The exhibition will launch at 2pm on Thursday 19 December in the exhibition area on the Ground Floor of Central Library, with support from the Council’s Archives+ team.
The exhibition looks back at the history of social housing in the city and across the region since the 1919 Act, slum clearances that removed squalid Victorian dwellings, as well as the pioneering building in Manchester that represents some of the first social housing in the country – such as Victoria Square in Ancoats, which dates back to the 1890s.
The Addison Act – or Homes for Heroes – responded to the thousands of men who returned from fighting during the First World War to find a lack of decent homes for them and their families. The ambition of the original Act was to build 500,000 new social homes across the country within three years.
The exhibition also takes a closer look at housing built in Manchester following the acts, with particular focus on the first homes built in Wythenshawe, the Blackley Estate in North Manchester, and Burnage in South Manchester.
Manchester has around 65,000 socially rented homes – around a third of all housing in the city – and one of the highest areas in the UK for this type of housing.
Finally, the exhibition looks at key housing issues in the city today, including a current lack of new social housing and how the city is responding to social issues, such as the rise in homelessness.
Cllr Suzanne Richards, Manchester City Council’s executive member for housing and regeneration, said: “This exhibition is a timely reminder of how new social housing brought a feeling of powerful hope following the First World War and how the homes we live in are central to our happiness and well-being.

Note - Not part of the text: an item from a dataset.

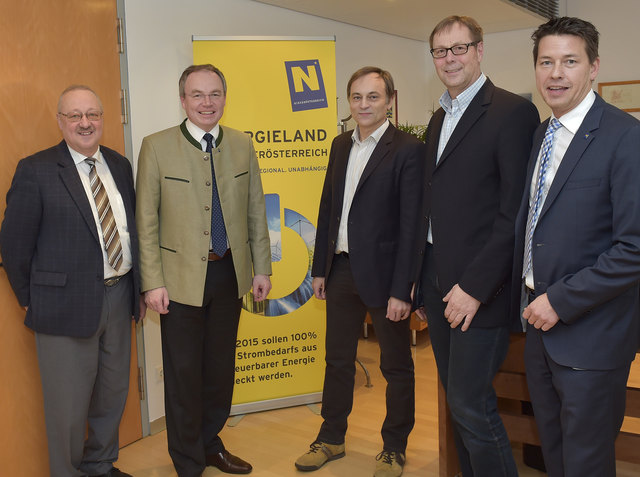 FWG-Obmann Herbert Wannemacher, Energie-Landesrat Stephan Pernkopf, Geschäftsführer Gerhard Stadler, Aufsichtsrat Richard Döltl, LAbg. Kurt Hackl. | Foto: NLK Filzwieser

“My Grandfather worked for Manchester Corporation and then for Manchester Works, building council housing across the city. I am proud of his and the many other workers’ legacy of council house building in this city, which this exhibition celebrates.
“Everyone in this city deserves a safe, secure and decent home to live in. The Council has made a commitment to this and we have set an ambitious target to support the building of 6,400 new affordable homes up to 2025 – with a significant number being made available for social housing.”
Cllr Luthfur Rahman, Manchester City Council’s executive member for skills, culture and leisure, said: “Our Central Library is far more than what people expect of a traditional library, which is why more than 1.8m people have visited in the last year alone.
“We have hosted a range of incredibly insightful exhibitions on the ground floor space that aim to spark conversation and debate. This display is no different and I’d urge Manchester people to come along to find out more about the fascinating history of housing in the city.”